Nelerin yapılması gerektiği konusunda gerçek veriler görülmeden hiçbir bilim insanının önerilerde bulunmayacağını savunan Prof. Dr. Esin Davutoğlu Şenol, "Bu durum biraz şuna benziyor: Bana çok ağır bir hasta var deniliyor. Ama ben bu hastanın kan tetkiklerini görmeden bir reçete yazamam. Ama daha önce tarif edilmiş önlemler var. Bu pandemi süresince kapanmaları yapan ülkelerin tarif ettikleri önlemler var. Hangi aşamada hangi önlemlere başvurulacağına dair formüller bulunuyor" dedi.
"Türkiye'de maske dışında şu anda uygulanan hiçbir önlem yok" ifadesini kullanan Prof. Dr. Şenol şöyle devam etti:
"Onun için alınan her önlemin bir parça faydası olacaktır. Ama bu, salgının kontrol altına alınması gibi bir fayda sağlamayacaktır. Hastane yükünü azaltmak ve süreci yumuşatmak bakımından alınacak her önlemin bir faydası olacaktır. Türkiye'de maske dışında bir önlem yok. Fakat etkin önlemin ne olacağını anlamak için veri dağılımını bilmek gerekiyor."
"TÜRKİYE'DE SALGININ GİDİŞATI KONTROL ALTINA ALINMAK ZORUNDA"
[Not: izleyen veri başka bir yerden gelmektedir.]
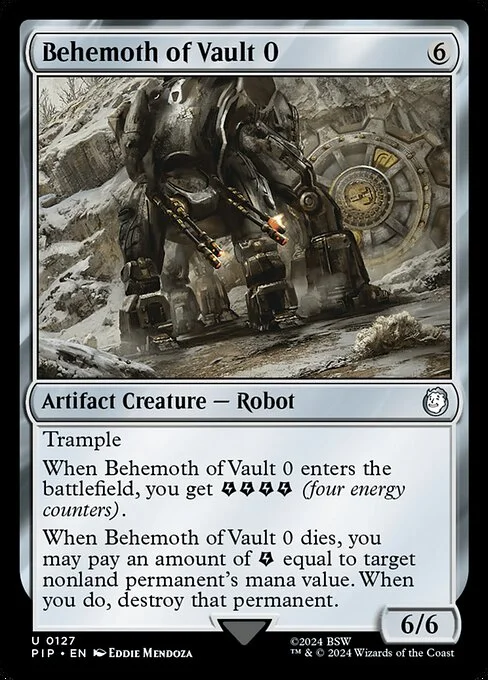 Behemoth of Vault 0, carta Magic di tipo Artifact Creature — Robot illustrata da Eddie Mendoza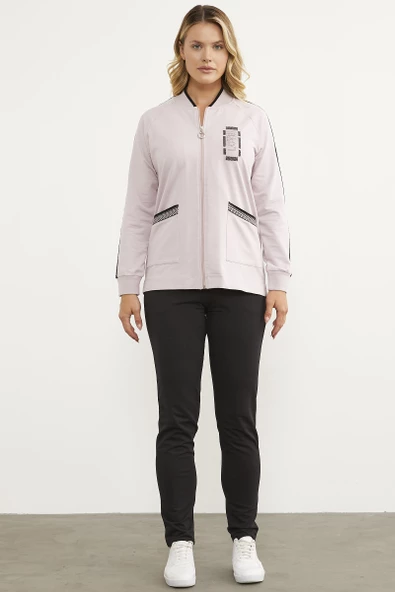 Taş Baskılı Tunik Eşofman Takım - Lila - 5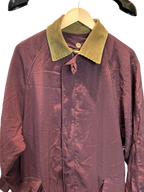 Modify Thrift Ventilo La Colline vintage plum trench coat with a tan corduroy collar and iridescent finish.
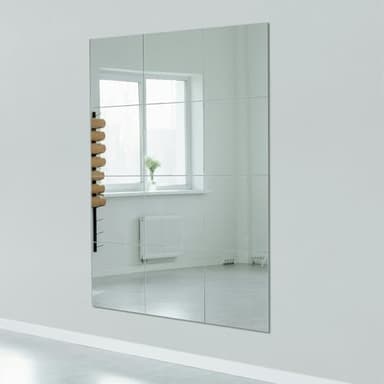 Ruomeng Home Gym Mirrors 12 Inch x 12Pcs Wall Mounted Mirror Glass Frameless Full Length Mirror Tiles for Home Gym, Bedroom, Door & Bathroom - Image 3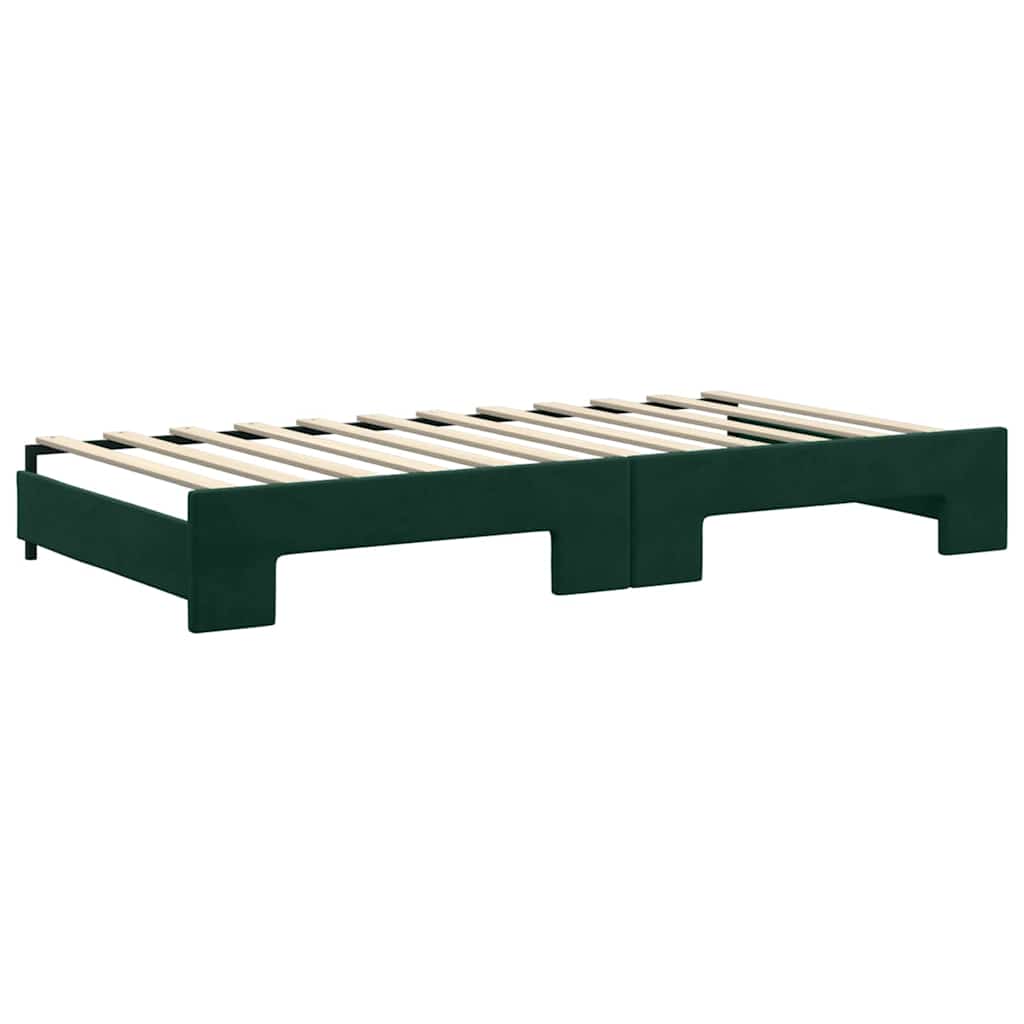 daybed med udtræk og madras 100x200 cm velour mørkegrøn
Dünyada yürütülen aşı çalışmalarına da işaret eden Prof. Dr. Esin Davutoğlu Şenol, koronavirüs aşısının çok yakında dağıtılmasını mümkün görmediğini belirterek sözlerini şöyle bitirdi:
"Gidişat çok tehlikeli cümlesini ifade etmek istemem. Çok tehlikeli durumda çağrısı yapacak durumda değilim. Ancak gidişatın kontrol altına alınması gerektiğini söylüyorum. Türkiye'de salgının gidişatı kontrol altına alınmak zorunda. Bunun yolu ve yöntemi de belli. Polemikler salgın sürecini etkiliyor."